Value what you want valued

Walking the walk, reframing praise, and banishing "What do you want to be when you grow up?"

I'm not so middle class that I was forced into piano lessons when I was a kid. But I know people who had to be dragged kicking and screaming to the stool. Like music lessons were a punishment. Which is sad - especially when you consider the regret so many adults have about not playing an instrument. But also, a completely logical assumption when a kid has to endure scales and no-one else around them is playing.

I guess the parental thought process goes like this: I never had piano lessons as a child but now I wish I could play piano, so in their 'best interests' I am going to force my kids to.

Clearly, this doesn't work.

What might work? Well, you getting piano lessons, probably. That addresses the root of the problem - one's own regret - without dragging some poor unsuspecting child into it. But also, if a kid sees you getting lessons the chances of them wanting to play too have gone up significantly.

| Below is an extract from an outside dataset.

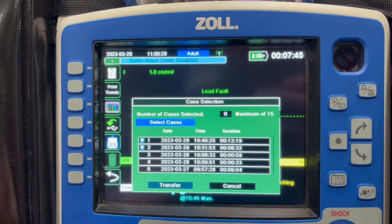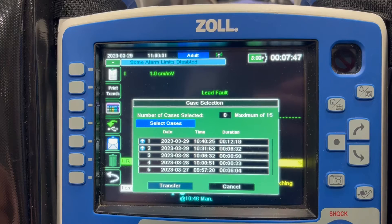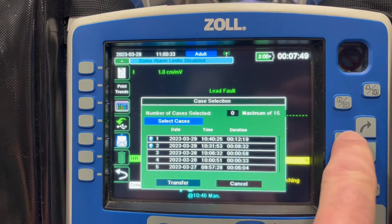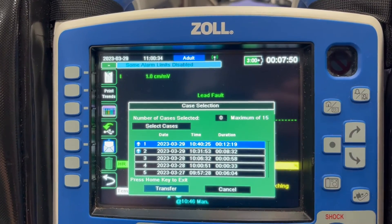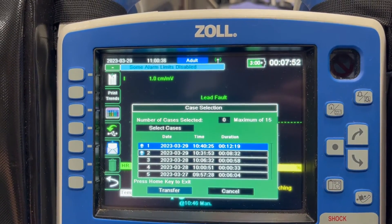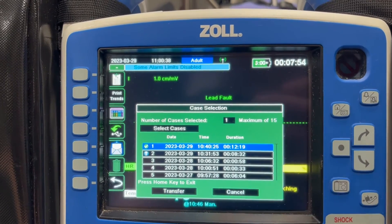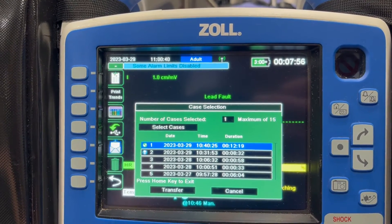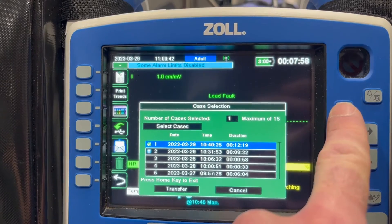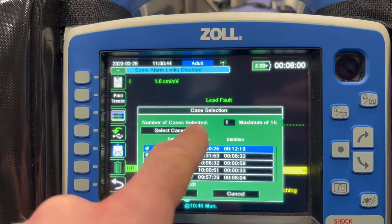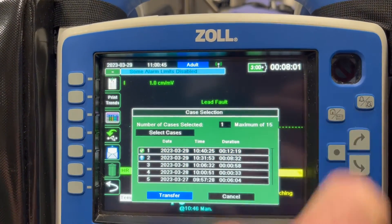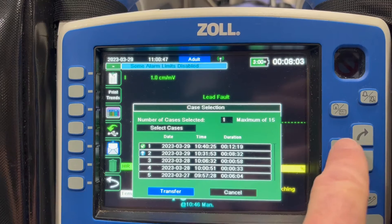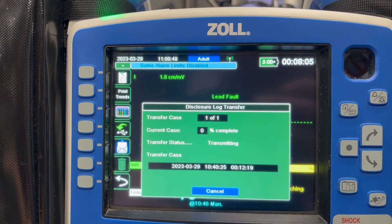But either way, it's going to pull you into this list of case files. You're going to select which case file you want. It's probably going to be the first or second more than likely. You hit enter, you'll see a green check mark come up next to it. You're going to press the home key to exit. You're exiting this selection criteria so that transfer gets highlighted and then you hit enter again to transfer it.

Babies learn by copying, but so do kids. So do adults, I suspect. They learn attitudes and values. Like generosity, kindness, and curiosity. They learn to value what they see valued.

Love what you do in front of the kids in your life is about inspiring through our own actions. The author, Austin Kleon, just did a "How I Parent" on Lifehacker. I love his work and I love this very generous, inclusive form of parenting.

Also, this tweet:

Can I make a gentle suggestion? Instead of saying, “Glad I’m not trying to raise a kid right now,” say something like, “Godspeed to anyone trying to raise a kid right now.” We need the encouragement. Also? You ARE raising my kids. You’re making the world they’re growing up in.

That final part is the very essence of We Are The Village.


The conclusion of the power (and peril) of praising your kids is to nurture a growth mindset. I catch myself all the time trying to come up with alternative praise for my niece. I want her - and all kids - to understand that trying hard is better than being smart.

If you're interested, Carol Dweck's Mindset is all about this growth mindset. Pairs well with Grit by Angela Duckworth.

Stop asking kids what they want to be when they grow up, says Adam Grant.

it forces kids to define themselves in terms of work. When you’re asked what you want to be when you grow up, it’s not socially acceptable to say, “A father,” or, “A mother,” let alone, “A person of integrity.” This might be one of the reasons many parents say their most important value for their children is to care about others, yet their kids believe that top value is success.

Which loops us back round to the beginning. We can be that person walking the walk and embodying the values we want kids to care about.

Yet another reason why a village is best - to expose kids to different people, different lives, and different values.